Pairava no espaço. Quando o Carlinhos aparecia para tocar, era um deus”. É
desta forma que Luiz Goes, um dos mestres do fado de Coimbra e dos primeiros
músicos a privar com a arte de Paredes, define a personalidade musical e humana
do autor de “Verdes Anos”, cuja obra integral acaba de ser compilada pela
EMI-VC em forma de caixa, com o título “O Mundo Segundo Carlos Paredes,
Integral, 1958-1993”.
O mundo segundo Carlos Paredes é um
mundo que a todos fascina mas também um mundo cuja originalidade se torna
difícil de enquadrar sob a lupa da análise mais fria. A música deste “ser
etéreo” que, como dizia Goes, parecia pairar no espaço enquanto tocava,
atinge-nos irremediavelmente na dimensão mais trágica do ser português, nesse ponto
onde a mais despojada e apaixonada das solidões se sublima amorosamente pela
Saudade.
Para além de Amália, Paredes foi,
enquanto músico, o mais alto expoente desta interioridade, tornada beleza e
arrebatamento absolutos nas cordas e na alma de uma guitarra portuguesa. Por estas
razões, pelo valor documental e pelas não razões, de ordem emocional, que cada
um descobrirá dentro de si, “O Mundo Segundo Carlos Paredes” é, desde já, no
capítulo das reedições, o acontecimento editorial do ano.
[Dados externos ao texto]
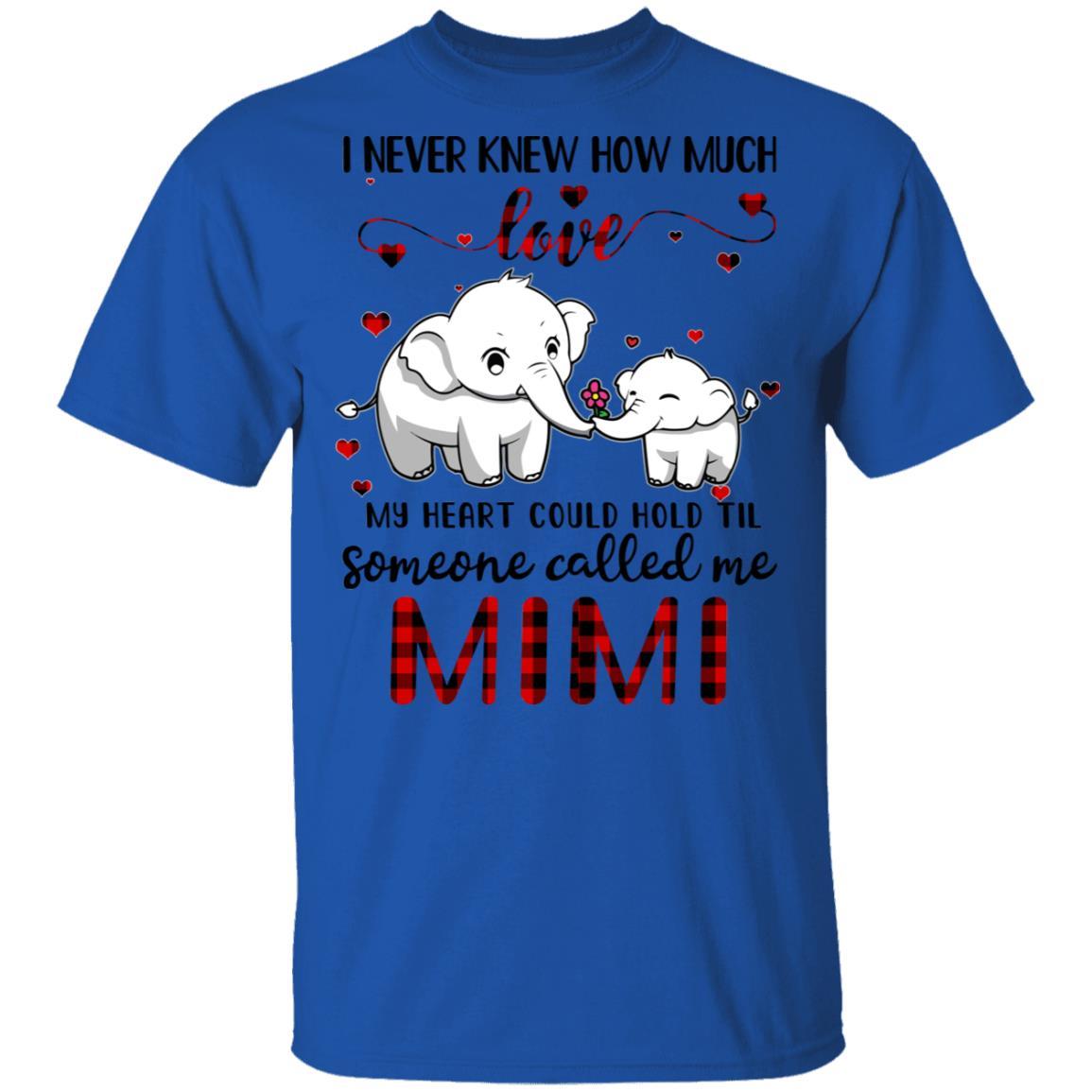 Someone Called Me Mimi Elephant Red Plaid Mother's Day-T-Shirt & Hoodie-Classic T-Shirt-Royal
Apresentado sob a forma de livro
forrado interiormente com 37 páginas explicativas, incluindo um texto de
apresentação de Ruy Vieira Nery, compõe-se de oito CDs organizados por ordem
cronológica, abrangendo a totalidade do material gravado por Paredes, disperso
por EPs e álbuns lançados entre 1958 e 1993. 35 anos de carreira ao longo dos
quais Paredes deixou vincada a sua arte, parca em quantidade (a sua obra é
escassa, comparada por exemplo, com o acervo legado por Amália), mas absolutamente
imbuída de uma intensidade inigualável na música deste século.
nascer do dia
“Despertar”, título do CD de abertura, é composto por 26
temas, dos quais os primeiros quatro, os mais antigos gravados pelo guitarrista,
correspondem ao EP “Fado de Coimbra”, do Dr. Augusto Camacho, excluindo-se obviamente
as colaborações prévias de Paredes com o seu pai, Artur Paredes.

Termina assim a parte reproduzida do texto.